Why Lean?
Markus de Medeiros wanted to understand garbled circuits. He had no formal training in cryptography. He spent an afternoon in Lean: a circuit evaluator in functional style, a custom DSL via metaprogramming, OpenSSL bindings via FFI, a correctness proof for his serializer, and a mutable garbling algorithm in imperative style. All in one tool.
His conclusion: "I genuinely do not know of another tool that can do all of the following." And then: "I fucking love this shit."
That reaction keeps happening. This post is about why.
Lean is implemented in Lean
One decision. Everything else follows from it. The compiler, elaborator, proof automation, parser, pretty printer, build system, and documentation system are all Lean. There are no band-aids. No glue between OCaml and Ltac. No obscure compiler for a dead language.
Because smart people can reach into Lean's internals using Lean itself, they build things we never planned. The Mathlib community wrote over 50,000 lines of extensions (custom tactics, linters, automation) with no coordination from us. Verso, our documentation system, is built on Lean. Ilya Sergey's students at NUS built Veil and Velvet on top of Lean's metaprogramming layer.
None of this was planned. We just made it possible.
Scalability
Mathlib has over 200,000 theorems and 2.2 million lines of code. It keeps growing. Build times keep decreasing.
We are willing to throw away designs that don't work. We have replaced the type class resolution system, the simplifier infrastructure, the old compiler, the canonicalizer in our new proof automation. Not because they were broken, but because they didn't scale.
Since the Lean FRO launched in August 2023, scalability has been an integral part of our mission.
Soundness without compromise
Lean has a small trusted kernel. Multiple independent implementations exist. Proofs can be exported and checked by any of them. We built Comparator, a tool that cross-checks proofs across kernel implementations. Anyone can build their own kernel and submit it to arena.lean-lang.org.
What this gives you is the freedom to hack without fear. Build wild metaprograms. Write custom tactics that rewrite your goal in ways you barely understand. The kernel still checks everything at the end. If your proof type-checks, it's correct. If it doesn't, you get an error immediately. Users who've been burned by unsoundness in other tools come to Lean because the kernel catches mistakes. Always.
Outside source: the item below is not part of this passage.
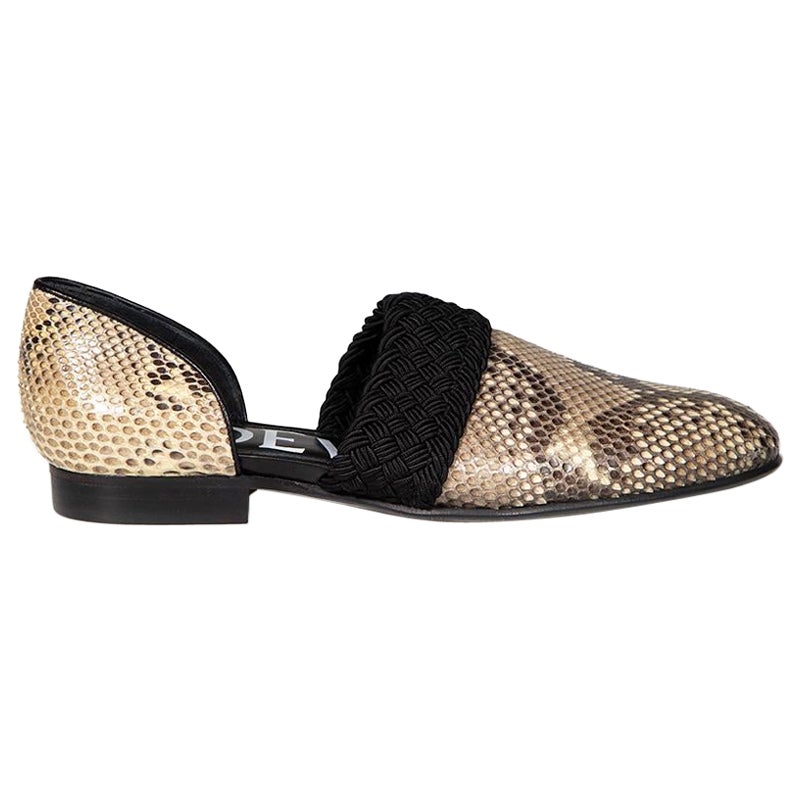 Loewe Brown Python Leather Woven Low Heels Size IT 37 For Sale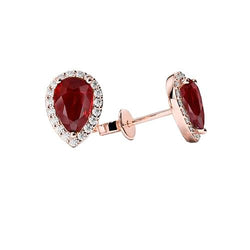 5,40 ct Roter Rubin Mit Diamanten Damen Ohrstecker Gold Rose 14K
Terence Tao's point is that RL will find every backdoor in your verification pipeline, so there can't be any: "reinforcement learning is just so good at finding these backdoors." The kernel's soundness isn't just a theoretical property. It's AI safety infrastructure.
What Lean is bad at
Backward compatibility. We break things. We break them deliberately, because scaling matters more than stability of interfaces that weren't right. If you wrote Lean code two years ago, it probably doesn't compile today without changes. This is a real cost, and we don't pretend otherwise.
If you need a system where code written in 2020 still compiles unchanged in 2026, Lean is not that system.
Listening to users
When I started Lean, I wanted to use HOL (higher-order logic). Jeremy Avigad and I went back and forth on this (he still has the messages, and they show me pushing hard against dependent type theory). Higher-order logic is simpler to automate, and the kernel could be even smaller. I hate complexity.
But dependent type theory was what users needed. I found constructivism beautiful, and had fun learning about it at the beginning of the project, but it is not practical. When the Aeneas team tells you what's slow, you fix it. When a software verification team explains how your tactics need to scale, you redesign.
I could have built a purer system. I built a useful one.